Time was when men had tried to give a name to that binary, more than two centuries before, when it first appeared. “Runaway Planet.” “The Invader.” “Rejoice in Messias, the Day Is at Hand.” The labels might as well have been belches; they were sensefree; they were x’s in an equation, signifying only that there was something there which was unknown.

“The Runaway Planet” stopped running when it closed on Earth.

“The Invader” didn’t invade; it merely sent down one slaggy, midnight-blue tetrahedron to Everest.

And “Rejoice in Messias” stole Earth from its sun—with Earth’s old moon, which it converted into a miniature sun of its own.

That was the time when men were plentiful and strong—or thought they were; with many huge cities and countless powerful machines. It didn’t matter. The new binary planet showed no interest in the cities or the machines. They didn’t show any interest in Earth’s weapons, either—no, not even when the worst and most deadly of them were deployed against the invaders. The invaders simply went about their business.

Whatever that was.

For four billion years and more the Earth had rolled decorously around the Sun, always in its proper place between the orbits of Venus and Mars, always with its captive Moon for a companion. There was no reason that should ever change.

It did change, though. Something reached out from the interloper planet and changed everything. That something, whatever it was, took hold of the Earth as it sailed around the Sun, and the Earth left its ancient round and followed after, Moon and all. At first the motion was very slow. Then it quickened.
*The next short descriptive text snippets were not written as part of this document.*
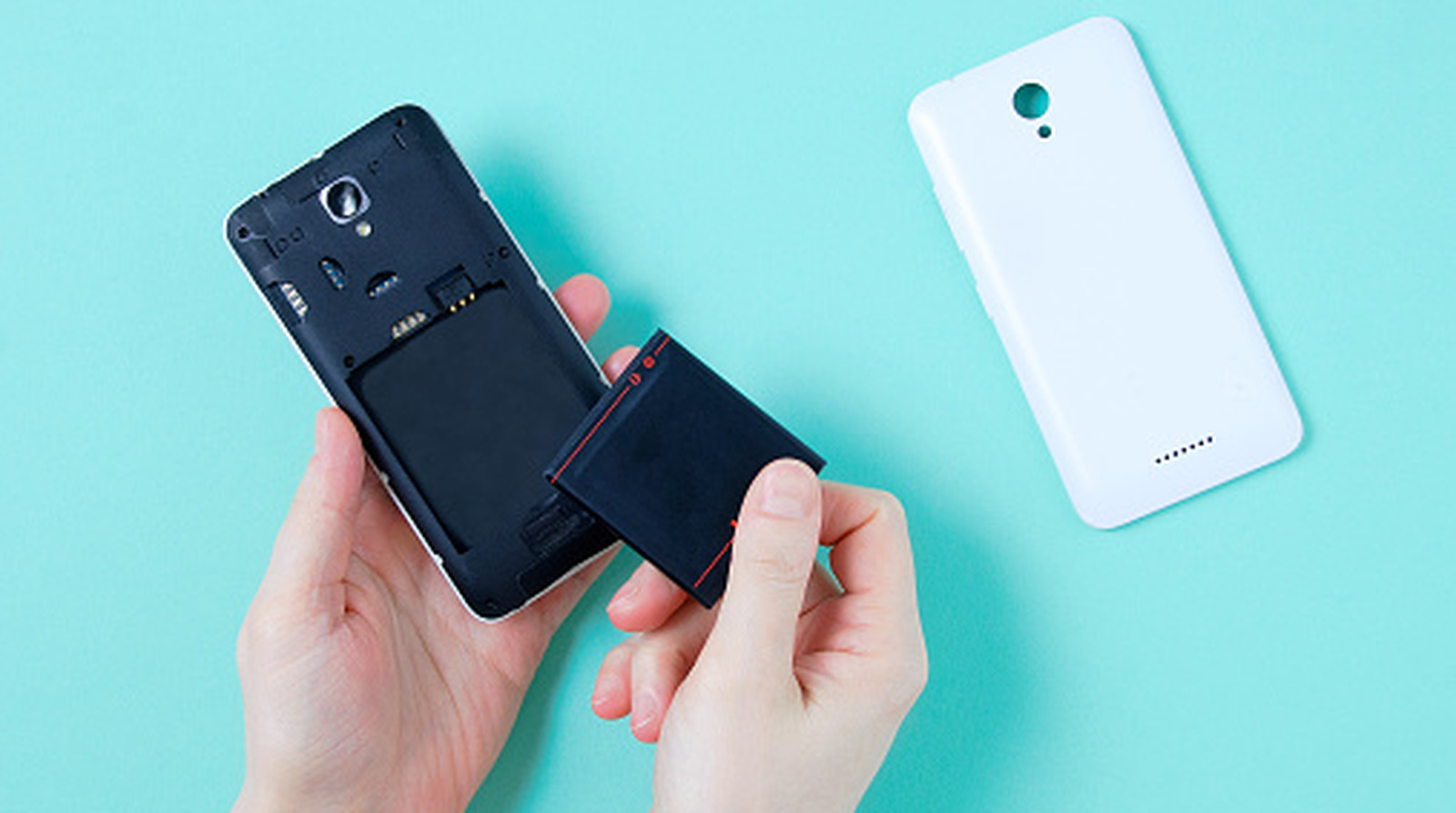 휴대폰의 탈착식 배터리가 다시 부활할 수 있습니다.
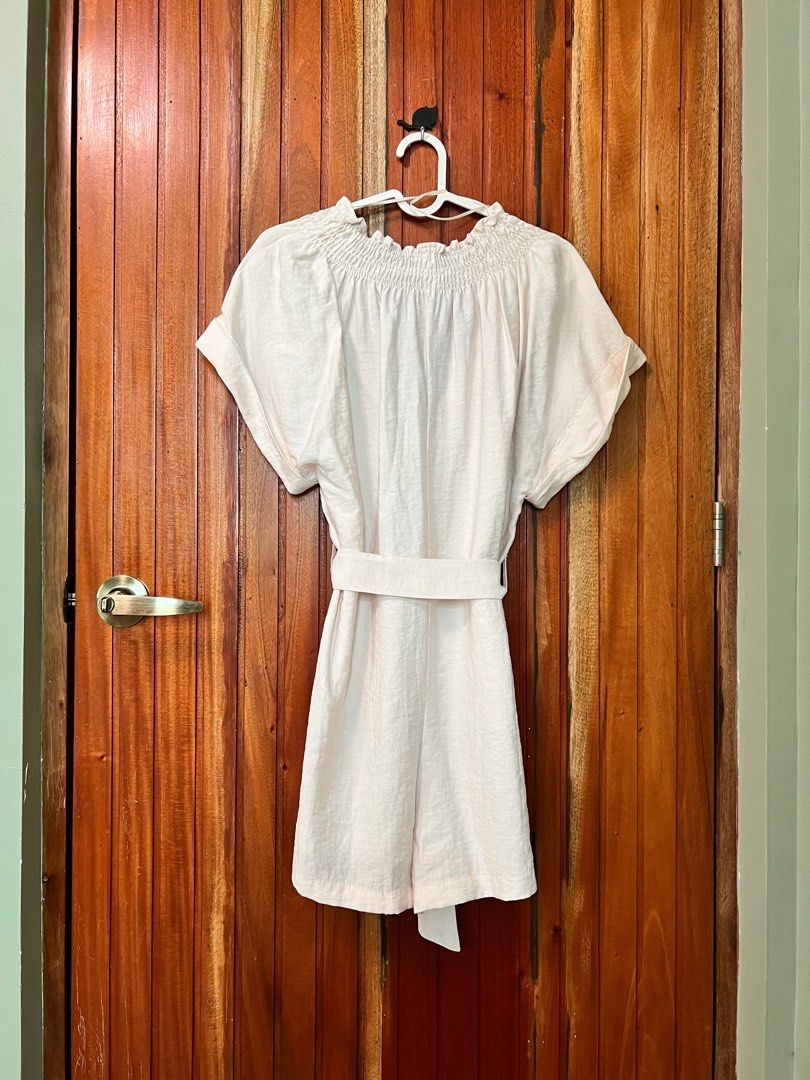 Zara Belted Playsuit XS (Category: Rompers) located in Marikina City. Submitted by plune (Listing ID 1416041695, Image 2). Description: Zara belted playsuit, size XS. V-neck, short sleeves. Includes belt. Minor stain on belt..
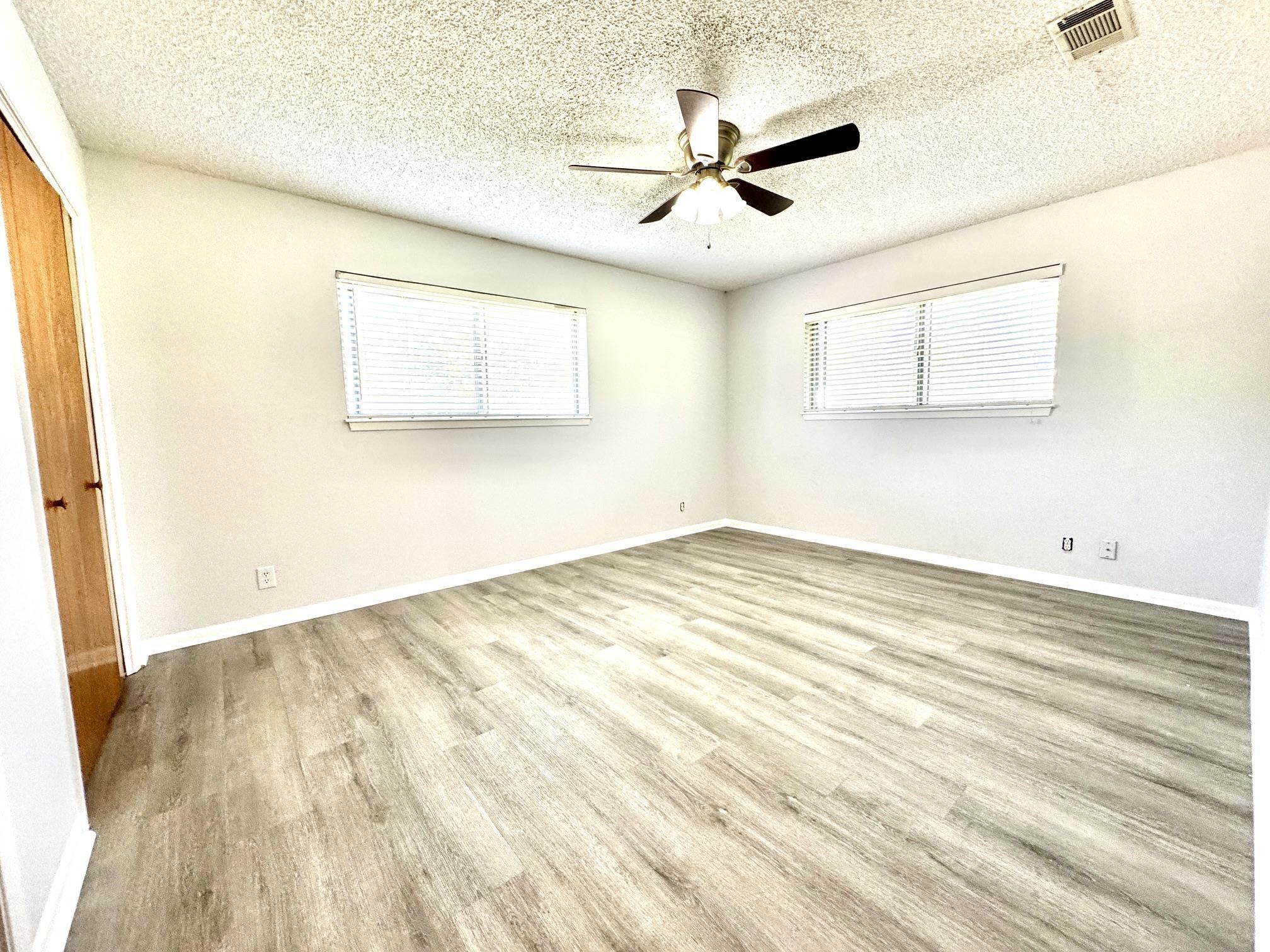 102 E Wallace Street Llano TX 78643
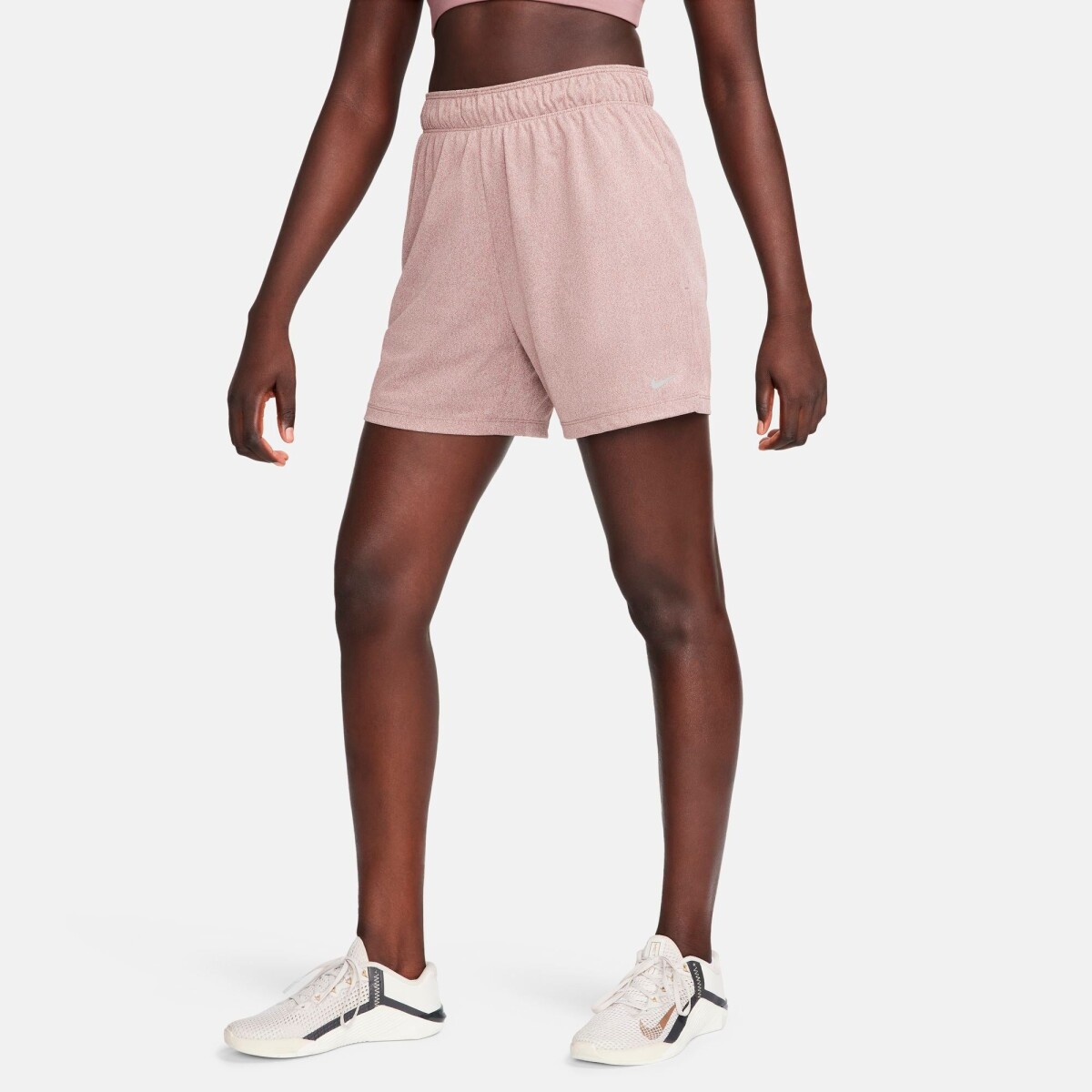 Short Nike Attack Dri Fit Mr 5In de Mujer - Chocolate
In a week astronomers knew something was happening. In a month the old Sun was perceptibly farther away, tinier, less warming. There was panic about that—added to all the other panics that swept the globe.

Then the Moon sprang into flame.

That was a problem in nomenclature, too. What do you call a Moon when it becomes a Sun? It did, though. Just in time, for already the parent Sol was visibly more distant, and in a few years it was only one other star among many.

When the inferior little sun was burned to a clinker they—whoever “they” were, for men saw only the one Pyramid—would hang a new one in the sky; it happened every five clock-years, more or less. It was the same old moon-turned-sun; but it burned out, and the fires needed to be rekindled. The first of these suns had looked down on an Earthly population of ten billion. As the sequence of suns waxed and waned there were changes; climatic fluctuation; all but immeasurable differences in the quantity and kind of radiation from the new source.

The changes were such that the forty-fifth such sun looked down on a shrinking human race that could not muster up a hundred million.

A frustrated man drives inward; it is the same with a race. The hundred million that clung to existence were not the same as the bold, vital ten billion.

The thing on Everest had in its time received many labels, too: The Devil, The Friend,

The Beast, A Pseudo-living Entity of Quite Unknown Electrochemical Properties.

All these labels were also x’s.

If it did wake that morning it did not open its eyes, for it had no eyes—apart from the quivers of air that might or might not belong to it. Eyes might have been gouged; therefore it had none; so an illogical person might have argued—and yet it was tempting, to apply the “purpose, not function” fallacy to it. Limbs could be crushed; it had no limbs. Ears could be deafened; it had none. Through a mouth it might be poisoned; it had no mouth. Intentions and actions could be frustrated; apparently it had neither.

It was there; that was all.

It and others like it had stolen the Earth and the Earth did not know why. It was there. And the one thing on Earth you could not do was hurt it, influence it, or coerce it in any way whatever.

It was there—and it, or the masters it represented, owned the Earth by right of theft. Utterly. Beyond human hope of challenge or redress.

2

Citizen and Citizeness Roget Germyn walked down Pine Street in the chill and dusk of—one hoped—a Sun Re-creation Morning.

It was the convention to pretend that this was a morning like any other morning. It was not proper either to cast frequent hopeful glances at the sky, nor yet to seem disturbed or afraid because this was, after all, the forty-first such morning since those whose specialty was Sky-Viewing had come to believe the Recreation of the Sun was near.